Début septembre en Chine lors du sommet organisé par le pays avec des Etats africains, Faure Gnassingbé a prononcé un discours quasi similaire avec un accent sur le changement constitutionnel. « La réforme institutionnelle majeure qui est en cours au Togo transforme notre régime présidentiel en régime parlementaire. Celle-ci vise à mieux équilibrer les pouvoirs exécutif et législatif. Il en va de même pour la création d’un Sénat. Nous garantissons ainsi que nos institutions politiques soient inclusives et représentatives. Nous renforçons aussi la démocratie, la transparence électorale et la redevabilité des gouvernants vis-à-vis de leurs populations », a souligné Faure Gnassingbé ajoutant que ces changements relèvent d’une « ambition stratégique »: celle de construire « un Etat fort, visionnaire et protecteur ».

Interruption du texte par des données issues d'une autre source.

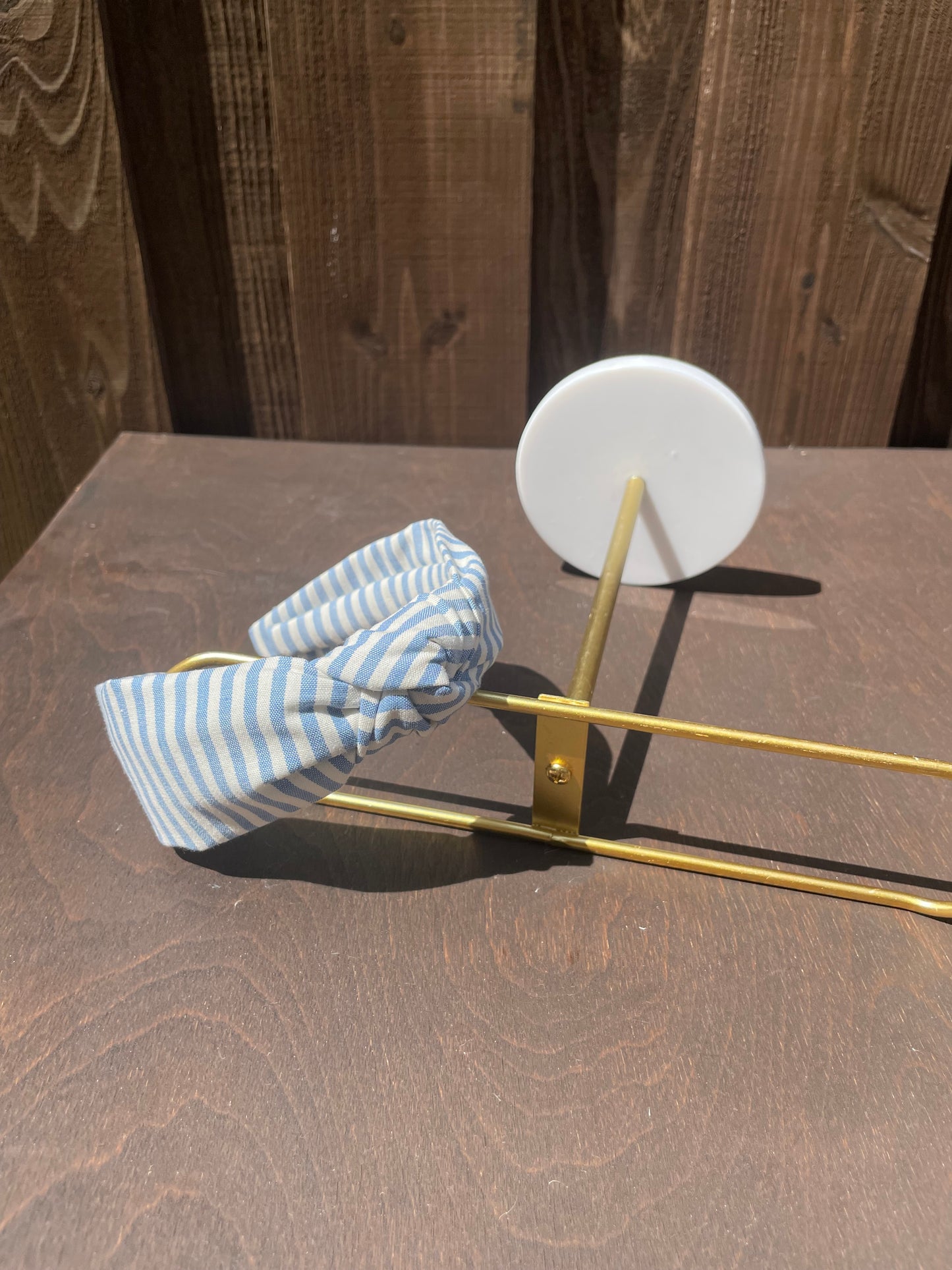 Blue stripes headband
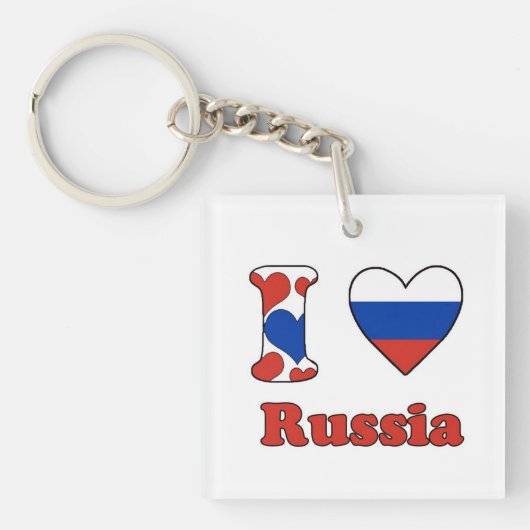 Ik hou van Rusland Sleutelhanger (voorkant)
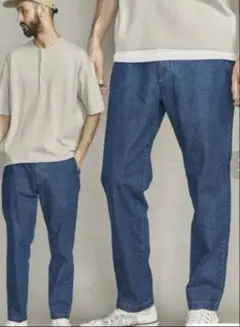 ビューティー&ユース　デニムワイドパンツ　Mサイズ
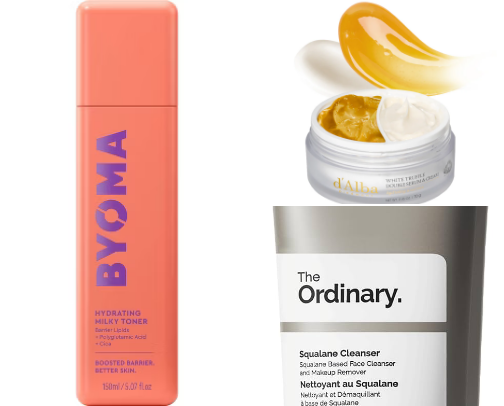 Essential Beauty Products cover photo collage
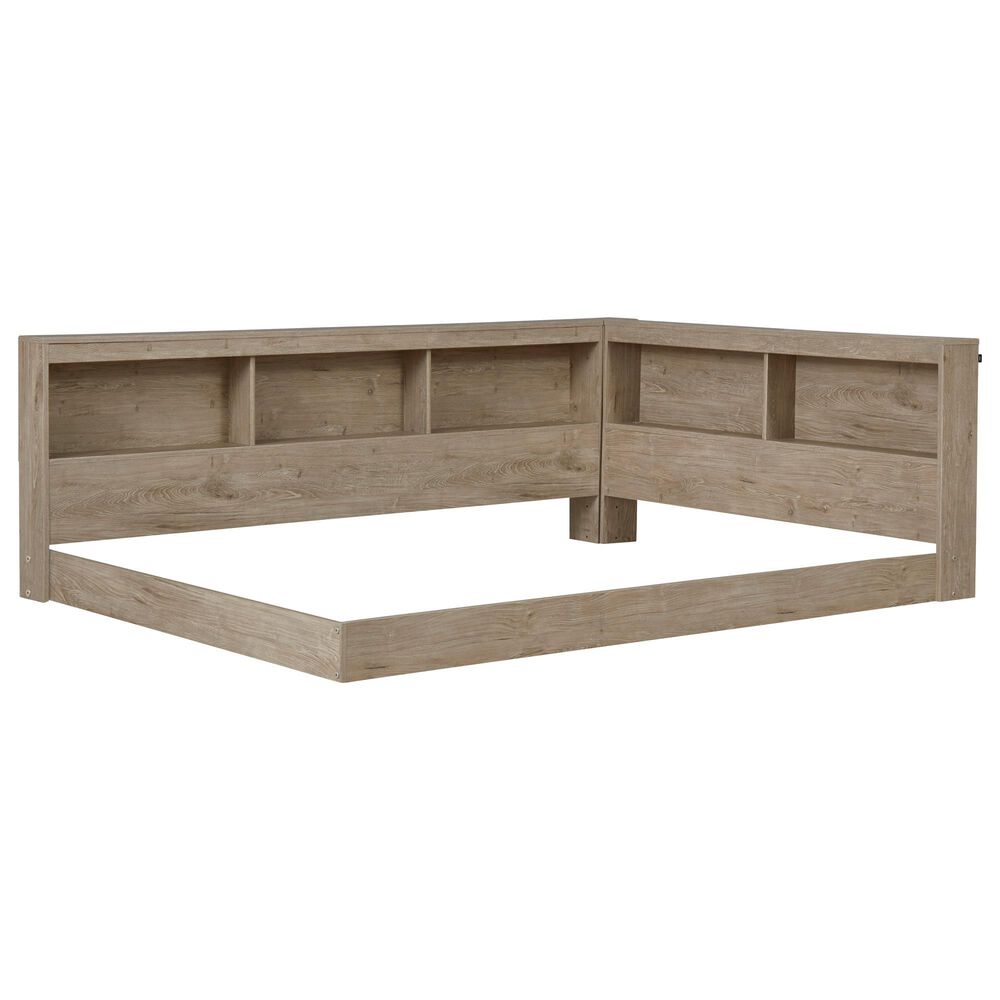 Ashley Oliah Full Bookcase Storage Bed in Natural, , large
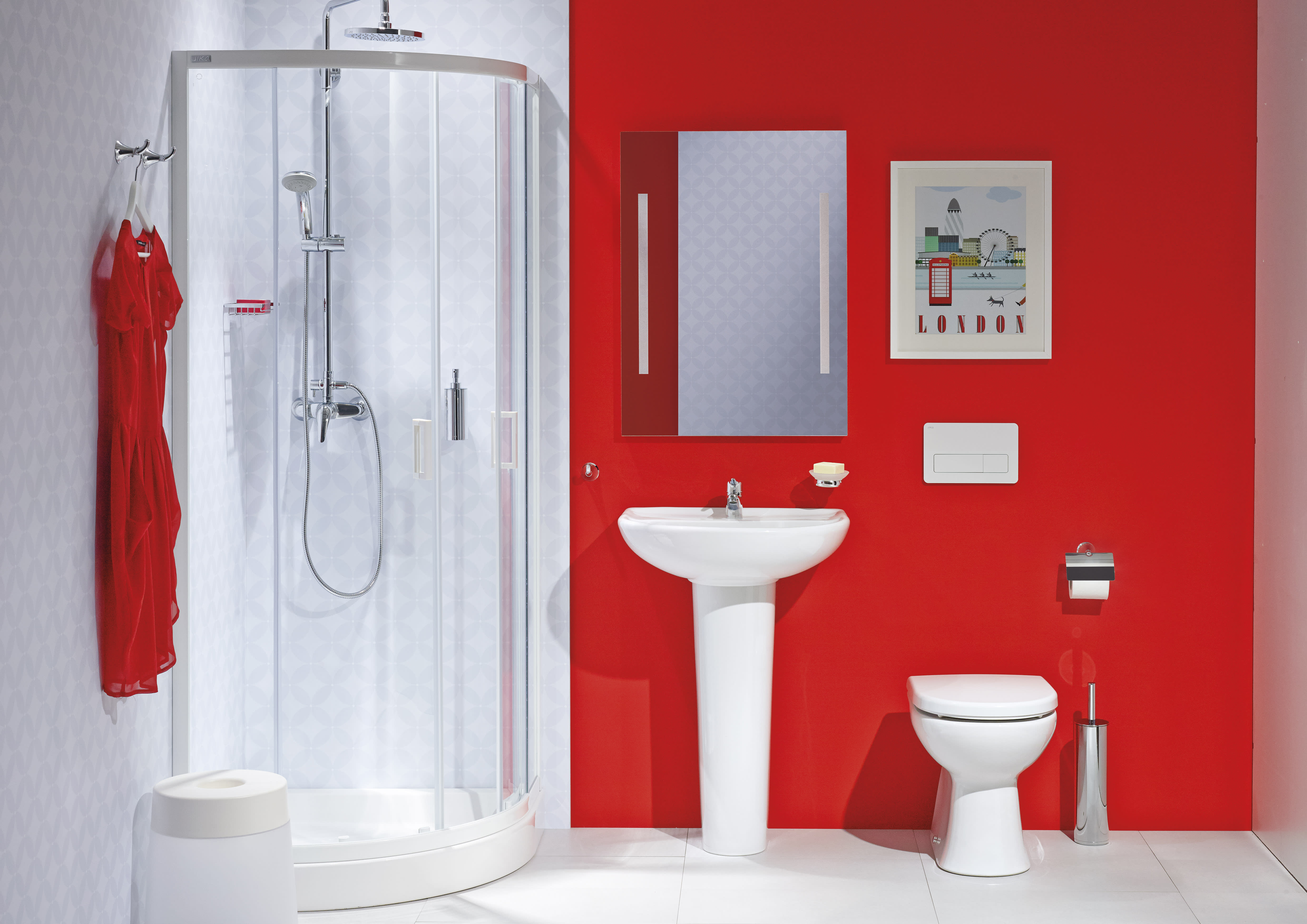 Závěsná umyvadla Lyra Plus H814382...1041 Jika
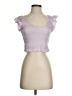LoveShackFancy 100% Cotton Purple Sleeveless Top Size XS - photo 1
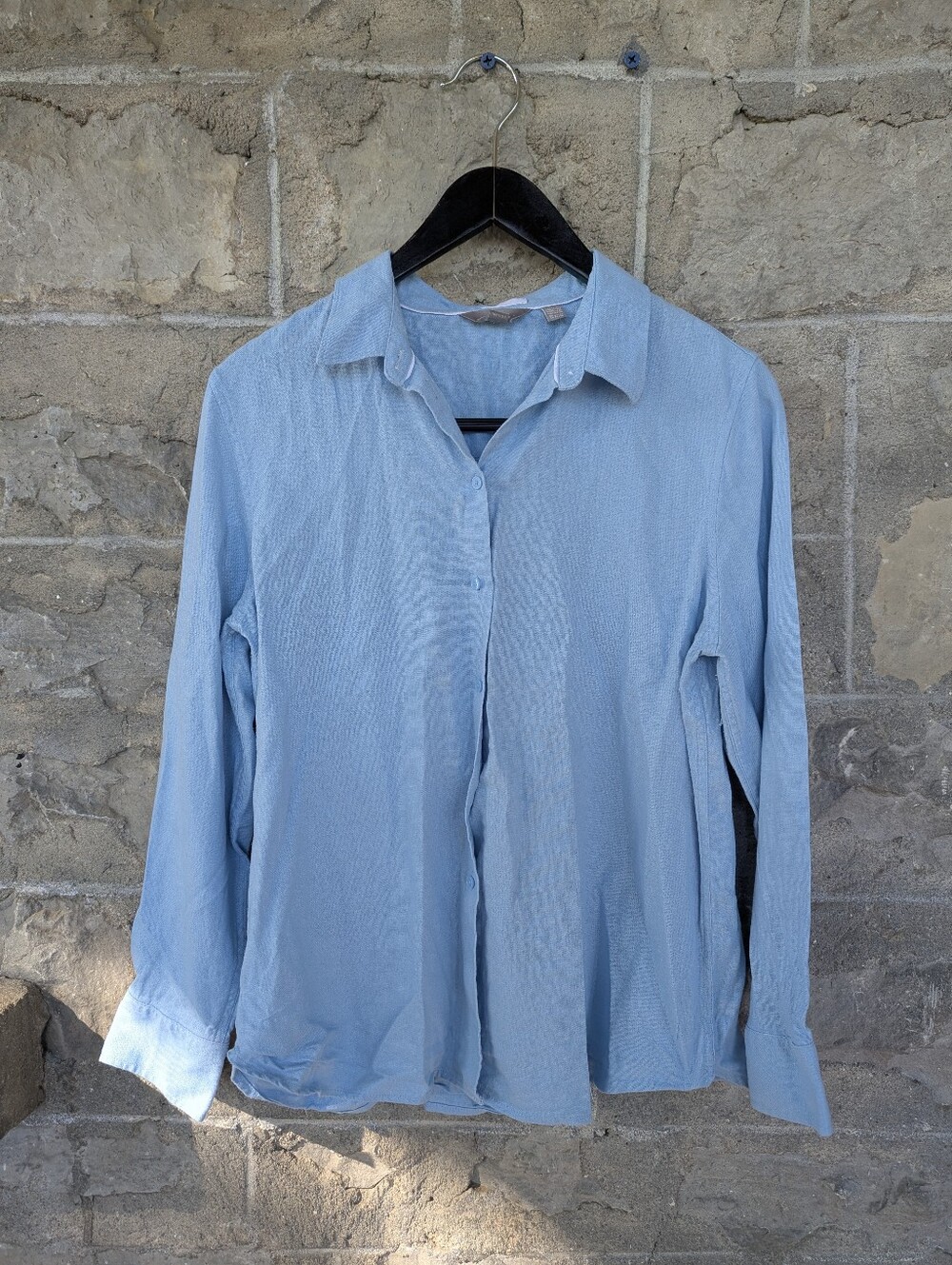 Ted Baker Linen Blend Button Down Women's Top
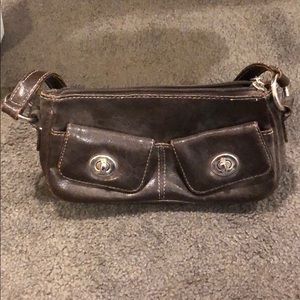 Brown small purse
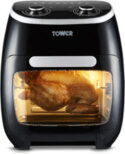 Tower 5-In-1 Manual Air Fryer Oven Rapid Air Circulation,11L, 2000W, Black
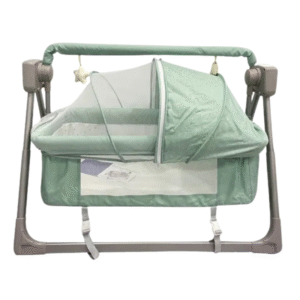 Kołyska łóżeczko elektryczne z pilotem bujak autoswing Moskitiera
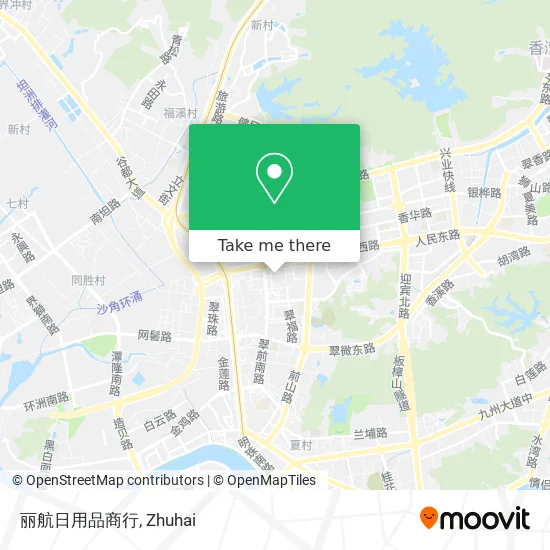 丽航日用品商行 map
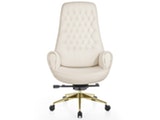 SalesFever® Schreibtischstuhl weiß mit goldenen Elementen Primo Design Luxus 11103 Miniaturansicht - 2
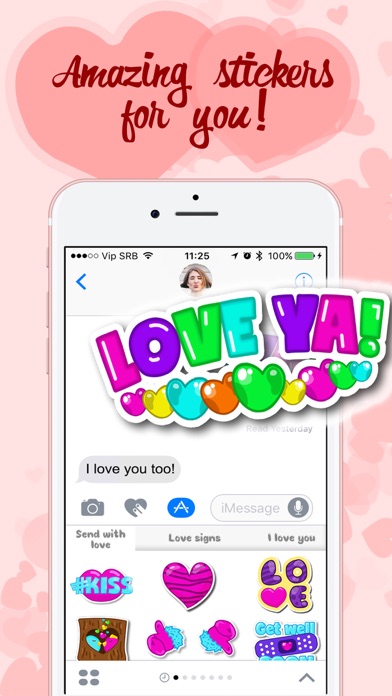 How to cancel & delete Love Stickers – Fun Text.ing for iMessage from iphone & ipad 4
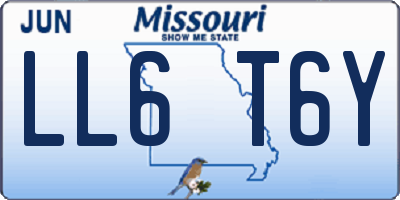 MO license plate LL6T6Y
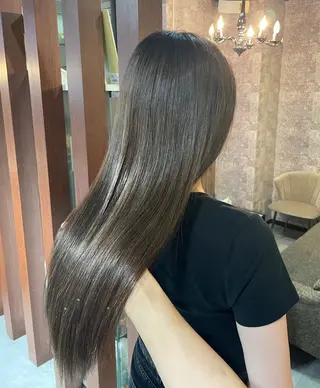 ロング カラー eim hair rink  長津田店所属・🫧透明感カラー 🫧しほのヘアスタイル
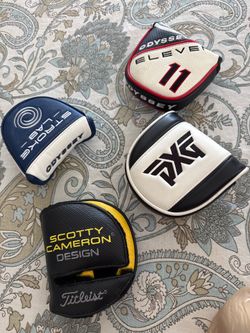4 great condition putter covers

Afficher une ambition stratégique pour son pays, n’est pas mauvais en soi. Cependant, les réformes devant aboutir à la concrétisation de cette ambition doivent, avant leur adoption, faire l’objet d’un large débat conformément aux principes démocratiques universellement admis.

Un Etat fort au service d’un régime

Pour inscrire dans un pays une nouvelle démarche politique au service de l’intérêt général, la première étape est l’adhésion des populations. Cette adhésion s’obtient par la présentation de sa vision aux populations. Autrement dit, ce que devrait être le Togo, comment il devrait être gouverné, comment ses populations devraient vivre et penser. Mais cette étape a été volontairement brulée. C’est face au tollé général que le régime s’est précipité pour organiser une mascarade de consultations des populations. Conséquence, plus de 7 mois après l’adoption de la nouvelle constitution et sa promulgation, nombre d’observateurs de loin les plus avisés s’interrogent encore sur les tenants et les aboutissants. D’ailleurs, c’est après l’adoption de la constitution que le régime a envoyé certains de ses émissaires auprès d’autres pays pour être formés sur leur propre loi. Curieux…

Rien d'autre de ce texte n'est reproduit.